Federal Housing Administration loans, known as FHA loans, are often the first type of loan low-to-moderate income borrowers will consider.
The loans require a lower minimum down payments and credit scores. As of 2020, you can borrow up to 96.5% of the value of your home with an FHA loan. So, if you have a credit score of at least 580, you only need to make a downpayment of 3.5%. If your credit score falls between 500 and 579, you can still get an FHA loan, but you need to make a 10% down payment.
While an FHA loan might seem like the perfect option for home loan borrowers who can’t afford to make a hefty down payment, there’s another thing to be aware of. When you put less than 10% down on your home with an FHA loan, you pay for FHA mortgage insurance for the duration of that loan.
FHA loans have annual Mortgage Insurance Premiums between 0.45% and 1.05%. If a homebuyer is putting as low as 3.5% down on their home through an FHA loan it is important for them to take this into account. Here is an example of the cost breakdown that someone with a down payment of 3.5% would pay on a 0.85% annual premium. If the loan was for $250,000, the monthly mortgage insurance would cost roughly $100 a month over a 30-year repayment plan. The mortgage insurance for this person would end up costing around $36,000 over the thirty years they pay off the loan.
While the price of mortgage insurance may seem high, an FHA loan might be the best option for someone with a lower credit score or someone buying their first home. In this case, there is one viable option for avoiding the cost of mortgage insurance over time. Namely, refinancing.
Unlike FHA loans, conventional mortgages cancel your Private Mortgage Insurance (PMI) once you build up enough equity in your home.
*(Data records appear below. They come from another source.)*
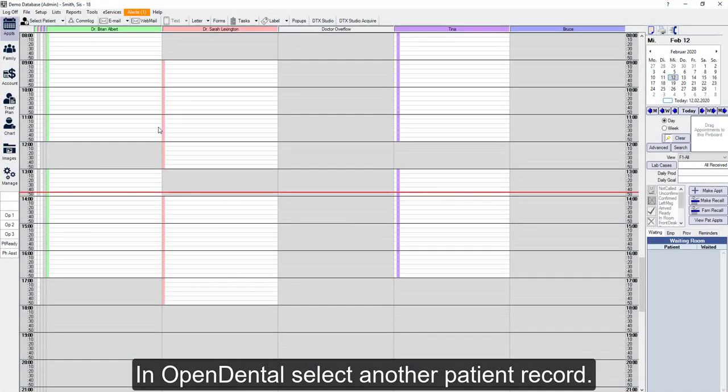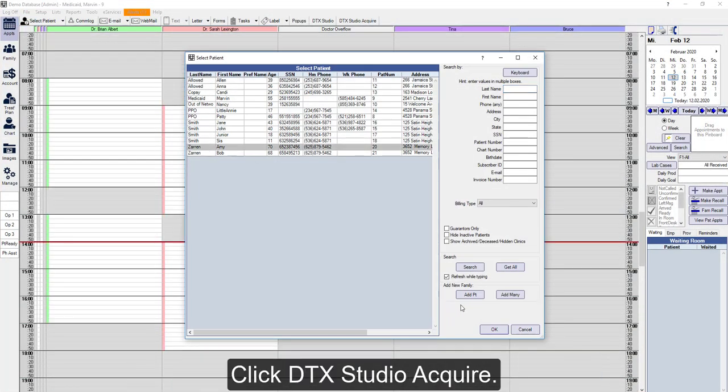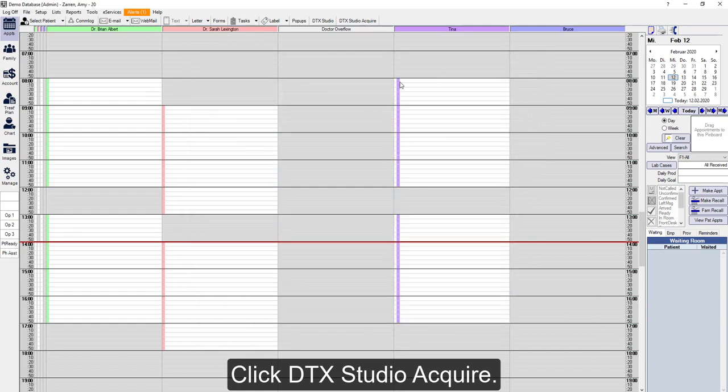In Open Dental we'll select another patient. Click DTX Studio Acquire to open the capture model in DTX Studio Clinic.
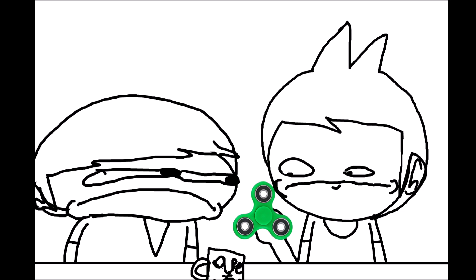Please no more fidget spinners on YouTube, thank you. And that's how it ends. What's that funny though? What's that, what's that?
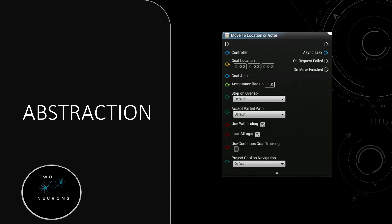Abstraction is something we have seen a lot of, actually. We have this node, Move to Location or Actor. We understand the words 'Move to Location or Actor' and we get what it is doing. But we don't understand behind the scenes what it's really about, do we? Things in here probably aren't clear — what is this pathfinding idea? What is this lock logic or continuous goal? Do we understand how it's using a modified A-star algorithm to create its pathfinding abilities, or how the nav mesh interacts with it?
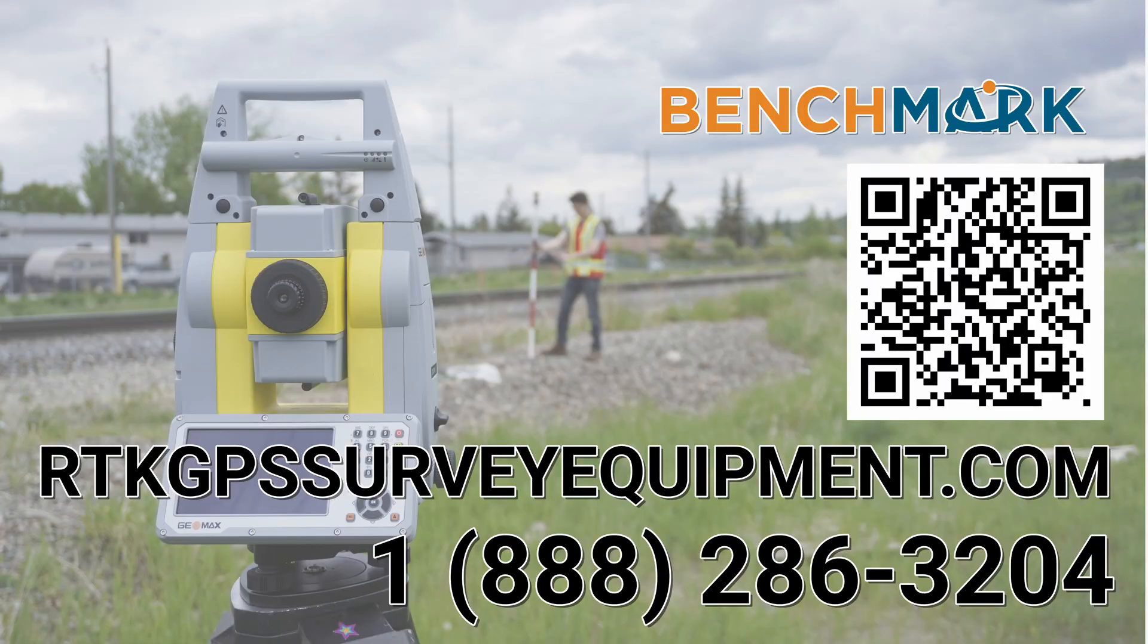But for now, that is everything in today's video. That is how you use MicroSurvey's FieldGenius to pair to a Zoom 95 robotic total station.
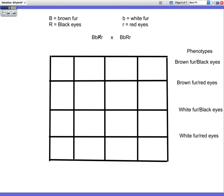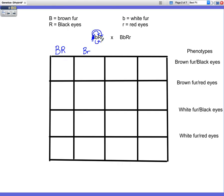We're going to start with parent 1. So we're going to start with our capital B — capital B has to go with each one of the letters. So capital B goes to capital R, and we write that on top of our first box. Then capital B goes with little r, and we put that on top of the next box. Now capital B is done — his alleles have been distributed. So now we focus on little b to big R, then little b to little r. Parent 1 is officially done.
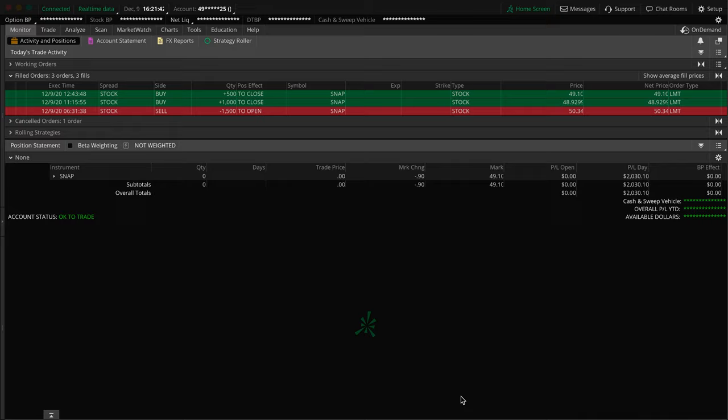Moving forward, what we're going to be doing today is going over a quick trade recap here on Snapchat. I was trading, I say quick, but I always end up being really long, so we'll see how I do today on that. We were shorting Snapchat stock, Snap is the symbol.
If you have at least 20% equity in your home, you could consider refinancing, which could lower your payments by eliminating the need for mortgage insurance.
The one exception to FHA loans’ rules about mortgage insurance is any loan closed after December 13, 2000, or applied for before June 3, 2013. For these borrowers, Mortgage Insurance Premiums can be canceled once the borrower is at a 78% loan-to-value ratio.